Этой книги не хватит, чтобы описать, как именно преображалась в новых условиях европейская религия. Но у нее иная цель: она призвана поведать читателям о разных источниках смешения религий, столь характерного для современной эпохи, а также о том, как Западная Европа начала экспортировать на другие континенты свои пути поклонения Богу. Уже сейчас стоит сказать, что наше повествование, по возможности, будет подобно плетению узора из множества нитей, ведь именно так те события, о которых мы поведем речь, и воспринимались их свидетелями. Кроме того, так мы не рискуем превратить историю Реформации в рассказ о небольшой группе важных деятелей – прежде всего это Лютер, Цвингли, Кальвин, Лойола, Кранмер, Генрих VIII и несколько римских пап. Они – лишь часть истории, в которой скрыты и волнения народов, подобные биению сердца, и размеренная жизнь простых людей, и интересы землевладельческих элит, и политика, и борьба династий… Конечно, это вовсе не значит, что богословы Реформации не важны или ими следует пренебречь. Кстати, исследования Латинской Церкви до эпохи потрясений позволили, помимо прочего, сделать вывод о том, что она вовсе не была настолько развращенной и бесполезной, какой представала в протестантских трактатах, и что духовные потребности людей, живших в позднем Средневековье, она вполне утоляла.
Эта восстановленная перспектива призвана лишь подчеркнуть важность идей, выдвинутых реформаторами на первый план. Церковь, на которую они нападали, не находилась на пороге смерти, не была легкой мишенью и не требовала срочных перемен, – но все же их весть захватила столь многих, что им удалось справиться с мощью церковных структур, несмотря на все достижения последних. Идеи имели огромное значение: они обладали своей независимой властью, они могли разрушать, порой они оказывались губительными и едкими, точно коррозия. Источником самых агрессивных идей неизбежно становилась Библия – сила взрывоопасная и непредсказуемая в любую эпоху.

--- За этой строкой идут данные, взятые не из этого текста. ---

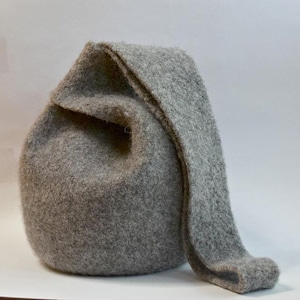 以下が含まれることがあります： 丸みを帯びたボディと長く尖ったフラップが付いた灰色のフェルトハット。帽子は柔らかく、質感のある素材で作られており、おそらく手作りです。帽子は無地の灰色で、コスチュームや普段使いに適しています。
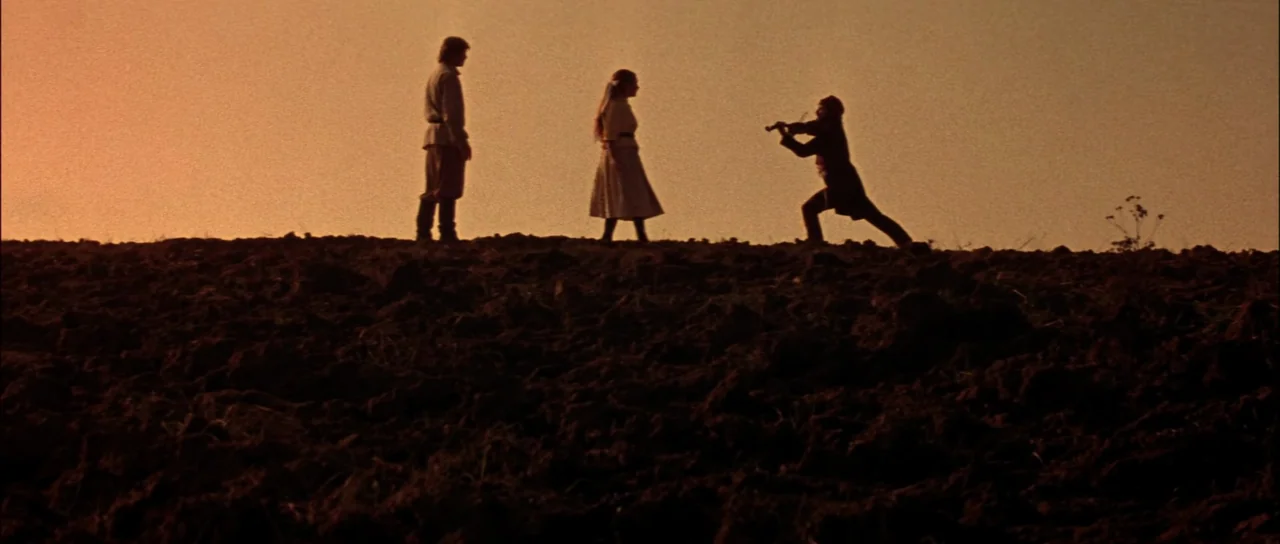 Fiddler On The Roof (1971) movie still: wide — A dark, uneven expanse of plowed earth occupies the lower portion of the frame. Three figures stand…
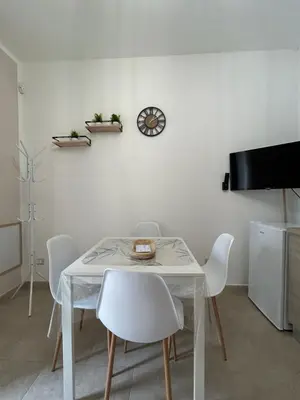 a white dining room with a white table and chairs at Casetta Bedda in Palermo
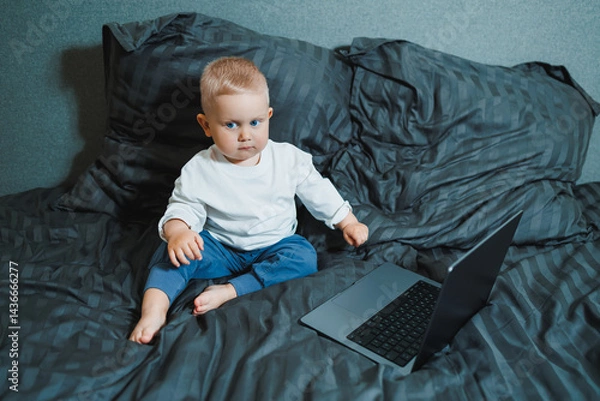 Fototapeta A 2-year-old boy sits in bed and presses buttons on a laptop. The child plays with a laptop.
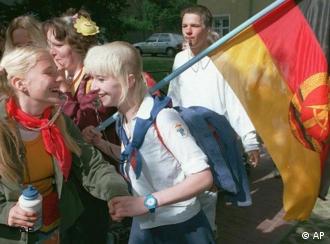 School children dressed in former East German communist youth organization uniforms-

Тем, кто хочет осмыслить эти запутанные события, не помешает ознакомиться со Священным Писанием или по крайней мере иметь хоть какое-то представление о том, как устроены Ветхий и Новый Заветы. Также хорошо бы прочесть ключевые утверждения христианства, приведенные в конце этой книги: два Символа веры, десять заповедей в двух существенно разных компоновках и молитву «Отче наш» – это минимальный «арсенал» тех, кого увлекла Реформация.